In reaching the merits of this issue, we find meritless the State's argument that a two-year statute of limitations barred Magruder's motion to reopen the case. An aggrieved party must commence a civil action "upon a statute for a forfeiture or penalty to the State" within two years. S.C. Code Ann. §§ 15-3-20, -510, -550 (2005). "A civil action is commenced when the summons and complaint are filed with the clerk of court if actual service is accomplished within one hundred twenty days after filing." § 15-3-20(B). To the extent a civil action was commenced in this matter, the State commenced it on November 11, 2008, with the filing of its summons and complaint.
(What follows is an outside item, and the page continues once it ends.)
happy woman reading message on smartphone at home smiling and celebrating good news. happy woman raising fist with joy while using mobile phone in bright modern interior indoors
Magruder's June 11, 2010 filing was a motion in an existing case, not pleadings commencing an independent civil action, as in Hackworth v. Greenville County, 371 S.C. 99, 102, 637 S.E.2d 320, 322 (Ct. App. 2006). Accordingly, the statute of limitations did not bar Magruder's motion.
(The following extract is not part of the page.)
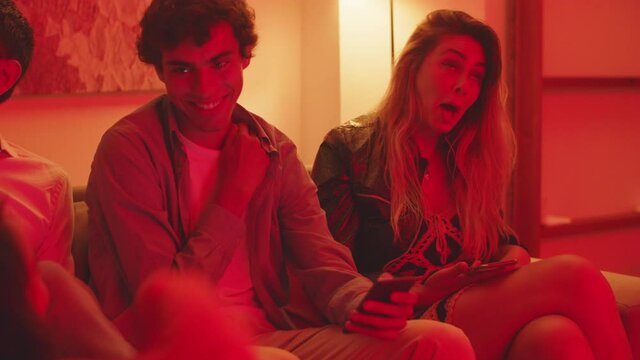 Medium shot of girl sitting on couch with friends and yawning. Handheld shot of group of friends having night party in apartment, laughing, chatting amd spending good time. Home party concept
We note South Carolina requires a movant seeking relief under Rule 60(b)(3) to establish extrinsic fraud. See Raby Constr., L.L.P. v. Orr, 358 S.C. 10, 20, 594 S.E.2d 478, 483 (2004) ("South Carolina maintains the distinction between extrinsic and intrinsic fraud, even when the allegations are raised through a Rule 60(b)(3) motion filed within one year of the entry of judgment."); see also Chewning v. Ford Motor Co., 354 S.C. 72, 80, 579 S.E.2d 605, 610 (2003) (requiring extrinsic fraud as a basis for vacating a judgment (citing Bryan v. Bryan, 220 S.C. 164, 167-68, 66 S.E.2d 609, 610 (1951))). Although at oral argument Magruder's counsel opined the fraud alleged in this case was intrinsic, we need not reach this distinction because (1) fraud is Magruder's sole theory for seeking relief and (2) we see no fraud of either sort. Nonetheless, we are cognizant that Rule 60(b) provides for relief on grounds other than fraud. See Mr. T v. Ms. T, 378 S.C. 127, 134-35, 662 S.E.2d 413, 417 (Ct. App. 2008) (observing Rule 60(b) not only lists grounds for relief other than fraud but also does not prevent courts from granting equitable relief from judgment when exceptional circumstances exist).
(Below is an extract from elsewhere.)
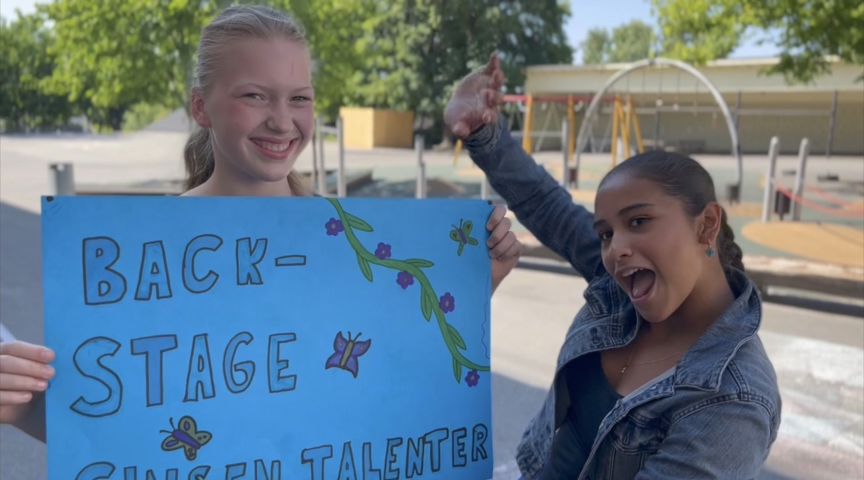 Et par barnr som holder et skilt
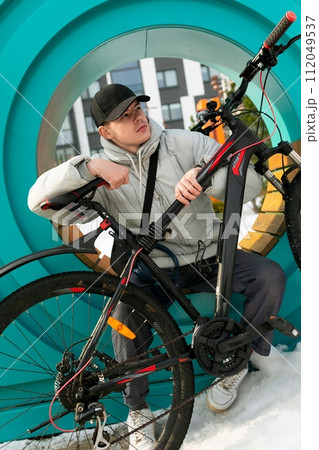 European man sitting and resting between bike rides 112049537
While we heartily disagree with the State's characterization of Magruder's argument on appeal as "frivolous, " Magruder failed to demonstrate attorney Harrison acted either recklessly or knowingly in making the inaccurate statements in the Affidavit. Accordingly, Magruder failed to establish fraud in the Affidavit, and we must affirm the circuit court's decision.
Our supreme court has made it clear that the question of precisely what diligence is "due" turns not on the letter of our procedural rules concerning service but, rather, on what action is reasonable in view of the facts at hand. A plaintiff is duly diligent in seeking to locate a defendant if he makes "some attempt to find the party, in the county of his alleged residence, which the court or judge shall be satisfied is reasonable under the circumstances." Collins v. Collins, 237 S.C. 230, 236, 116 S.E.2d 839, 842 (1960) (emphasis added).
AFFIRMED.
PIEPER and GEATHERS, JJ., and CURETON, A. J, concur.